Our script, what we will SAY to our audience, goes in the notes area of each slide. With citations. We can including side-trips we can explore if we have time, or jettison if we are running late. We need to practice the presentation aloud. Duarte suggests roughly 3 hours (2016), but that depends on if you are presenting for TED, or for an assignment. But practice is how we know roughly where we should be at what time as we deliver, so we know whether there is time for a side-trip or not.

So the steps are:

  1. Delivery aim/story
  2. Draft slide deck headings (check fit with the story)
  3. Slide audience anchors (very few words which tell the story)
  4. Script (telling the entire story in the notes area, with citations)
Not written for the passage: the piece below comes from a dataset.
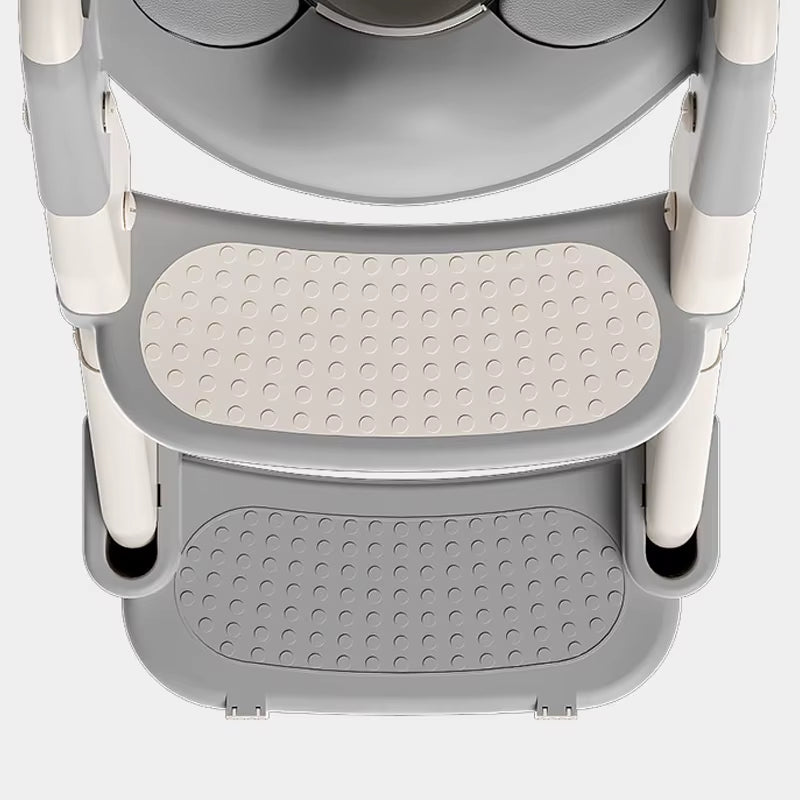 Portable Foldable Baby Potty Training Seat with Step Stool - Ideal for Easy Toilet Training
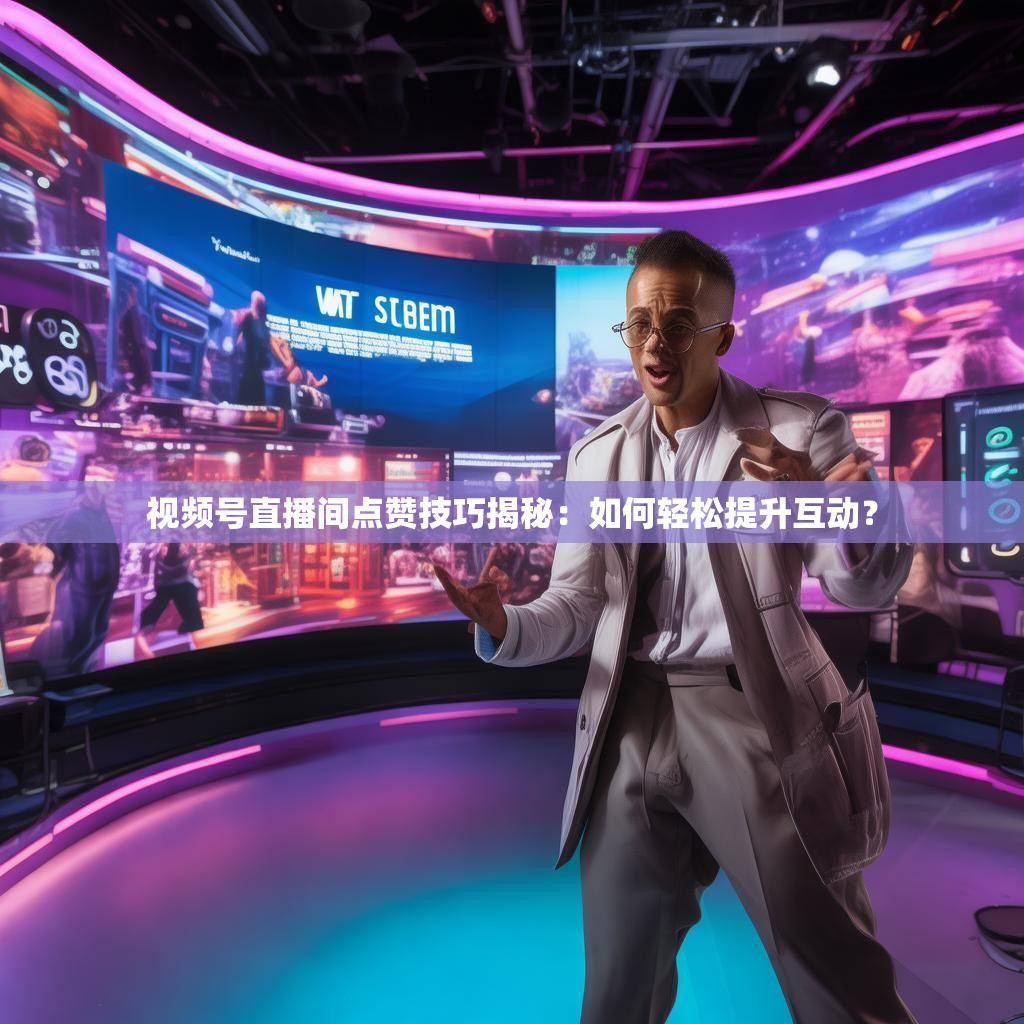 视频号<strong><mark>直播间点赞技巧</mark></strong>揭秘：如何轻松提升互动？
The audience sees a slide. The presenter sees the slide and their notes (and possibly the presenter view, if they have a screen they can see during the presentation). We may give the audience a handout afterwards; example below (Reynolds, 2020, p. 71):

We can see from the example above that the slide is relatively simple, with the script packed into the notes area. The one thing this example lacks, for academic purposes, is a multiple works citation on the slide.

I hope this helps!


Sam

References:

Duarte, N. (2016). slide:ology: The Art and Science of Creating Great Presentations. O'Reilly Media.

FabianLange. (2008). Ishikawa fishbone diagram (Creative Commons 3.0) [image]. Wikipedia. https://en.wikipedia.org/wiki/File:Ishikawa_Fishbone_Diagram.svg

Gruwez, E. (2014). Presentation Thinking and Design: Create Better Presentations, Quicker. FT Publishing International.
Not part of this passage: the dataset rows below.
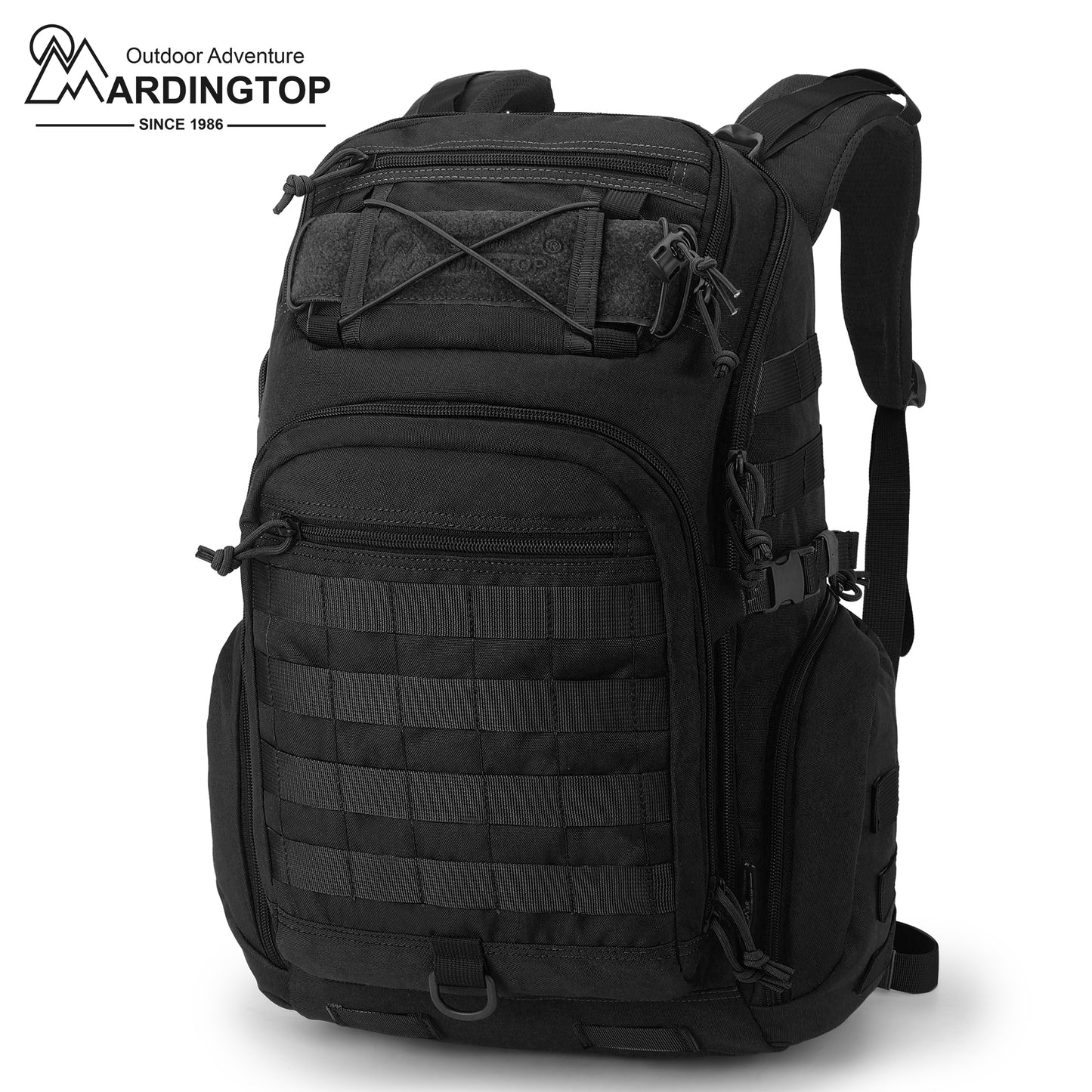 Mardingtop 55/75L Tactische Rugzak Grote Wandelen Camping Militaire Rugzak Patrol Pack met Regenhoes voor Outdoor Trekking Bergbeklimmen Jacht Mardingtop 55/75L Tactische Rugzak Grote Wandelen Camping Militaire Rugzak Patrol Pack met Regenhoes voor Outdoor Trekking Bergbeklimmen Jacht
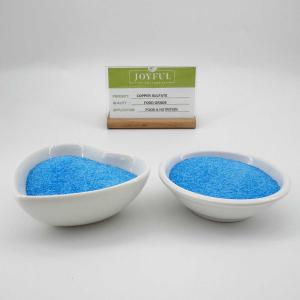 Quality FDA Food Copper Sulfate Pentahydrate Blue Particles Cas 7758 99 8 wholesale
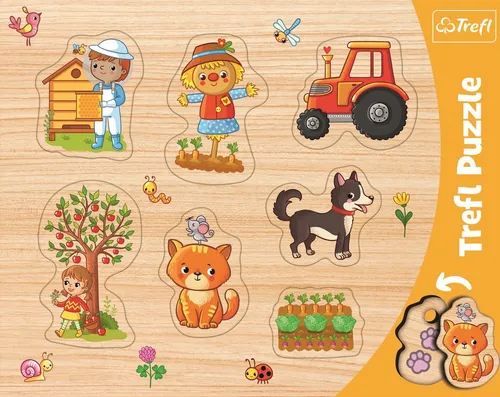 TREFL Jigsaw Farm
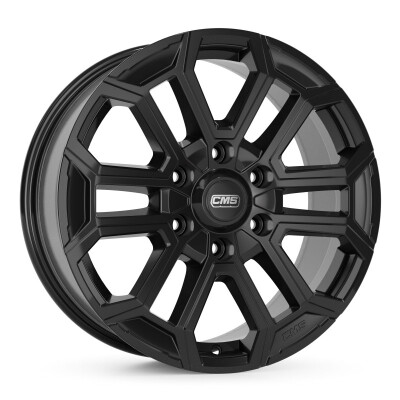 CMS C35 8×18″ · 6×139,7 · ET53 · CB92,4 Complete Black Gloss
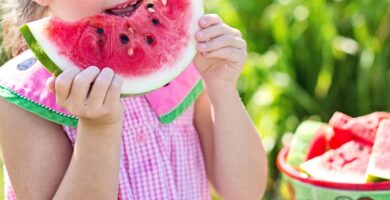 alimentación saludable para niños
Ishikawa, K. (1968). Guide to Quality Control. Asian Productivity Organization.

Karia, A. (2013). How to Design TED Worthy Presentation Slides: Presentation Design Principles from the Best TED Talks (How to Give a TED Talk). Author.

Nguyen, K., Murillo, G., Killeen, R., & Jones, L. (2016). The Big Fish Experience: Create memorable presentations that reel in your audience McGraw-Hill Education.

Reynolds, G. (2020). Presentation Zen 3: Simple ideas on presentation design and delivery (3rd ed.). New Riders.

Tufte, E. R. (2003). The Cognitive Style of PowerPoint: Pitching Out Corrupts Within. Graphics Press LLC.